Mereka berdua membantu orang tua berjualan es lilin keliling kota. Tanpa malu. Semua kerja keras itu keduanya lakukan agar bisa sekolah.
IB INDRA PRASETIA, Gianyar
DI bawah terik sinar mentari, dua bocah cilik mengayuh sepeda gayung mereka beriringan. Jawa Pos Radar Bali melihat mereka di Jalan Ngurah Rai Gianyar.
Keduanya tampak mengenakan topi, t-shirt lengan panjang dan membawa tas kompek. Sekilas mereka seperti mau lancong.
Tapi, di belakang boncengan sepeda mereka, ada termos yang dibawa. Termos itu dibuatkan dudukan modifikasi sehingga termos bisa berdiri tegak.
Si kakak, Gede Wijaya membawa termos warna hijau, sedangkan si adik Kadek Agus membawa termos warna merah.

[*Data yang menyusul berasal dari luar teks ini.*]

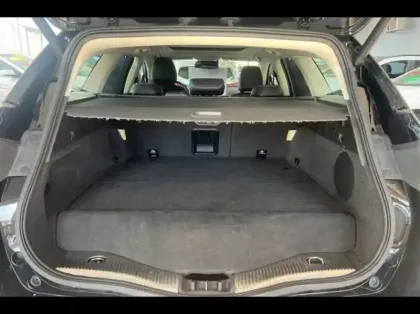 Photo 11 Ford Mondeo  SW 2.0 HYBRID 187ch Vignale BVA 7cv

Di sepanjang jalan yang dilintasi, Gede Wijaya, siswa kelas VI dan Kadek Agus siswa kelas III, menawarkan es lilin kepada masyarakat.

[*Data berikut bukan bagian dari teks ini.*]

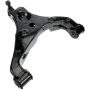 DORMAN 521-625 Suspension Control Arm And Ball Joint Assembly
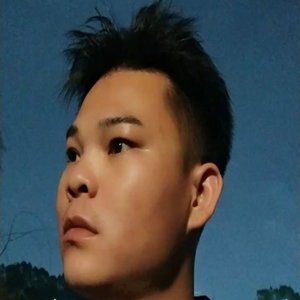 姑娘你为什么哭泣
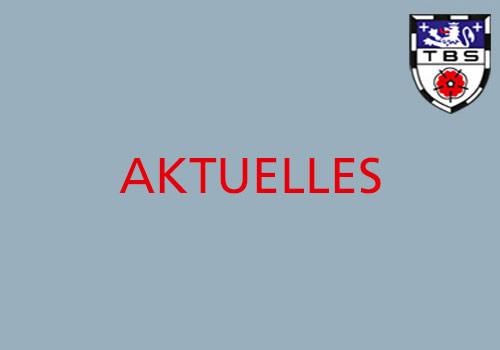 Aktuelles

“Es pak, es lilin,” ujar Gede Kusuma menawarkan es kepada orang yang dijumpainya. Mereka berdua melakoni rutinitas itu sepulang sekolah.
Jika tidak ada pekerjaan rumah (PR), mereka langsung keliling berjualan es. “Awal jualan malu, mulai jualan saya mulai kelas lima. Lalu adik saya ikut menemani bawa es juga,” kenang Gede Wijaya, kepada koran ini, kemarin.
Putra dari pasangan suami istri I Nyoman Suriadi dan Ni Nyoman Sita Kumara ini mengatakan sudah setahun lebih jualan es keliling naik sepeda.
Mereka tinggal di lingkungan Candi Baru, kelurahan Gianyar. Dari Candi Baru, mereka keliling wilayah kota Gianyar.
Di termos yang mereka bonceng, berisi 100 biji es lilin beraneka rasa. Ada rasa kacang ijo; nangka; durian; rujak; dan rasa injin.
Harga yang ditawarkan sangat murah, sebesar Rp 1000. Sedikit promosi, rasa es lilin mereka segar, tanpa pemanis buatan dan tanpa bahan pengawet.
Rute jualan yang ditempuh dimulai dari lingkungan Candi Baru tempat tinggalnya, menuju kawasan GOR Kebo Iwa, ke pertokoan, singgah di beberapa instansi hingga ke RS Sanjiwani Gianyar.
Gede Wijaya mengaku, apabila es yang mereka bawa habis sebelum sore, mereka akan balik pulang ke rumah untuk mengambil stok es.
Apabila es mereka tidak habis, mereka akan mangkal atau keliling. Jika sudah larut, mereka akan pulang. “Es ini dibuat, dibantu sama ibu,” jelasnya.
Jam kerja dua bocah ini tak tanggung-tanggung, bisa sampai pukul 22.00. “Setelah makan siang langsung keluar jualan. Sekitar jam sepuluh (22.00) baru istirahat,” terangnya.
Keduanya mengaku tidak lelah bejualan keliling, bahkan sampai malam. Mereka justru semangat berjualan karena bisa membantu kedua orang tuanya. Ibu mereka bekerja di garmen dan ayah swasta.
“Kami mau bantu orang tua, untuk tambah uang jajan juga,” terangnya. Pengamatan Jawa Pos Radar Bali, es yang mereka jual termasuk laris.
Satu pelanggan bisa membeli 5 biji sampai 10 biji. Disamping itu, dua bocah itu juga telaten melayani pembeli. Jika yang belanja banyak, maka dua bocah ini akan memberikan tas kresek.
Pengakuan salah satu pelanggan, Kadek Bawa, warga Abianbase, Gianyar, mengaku kerap melihat dua bocah itu di pusat keramaian.
“Mereka jualannya sopan, tidak memaksa,” ujarnya. Yang banyak membeli es lilin mereka adalah ibu-ibu.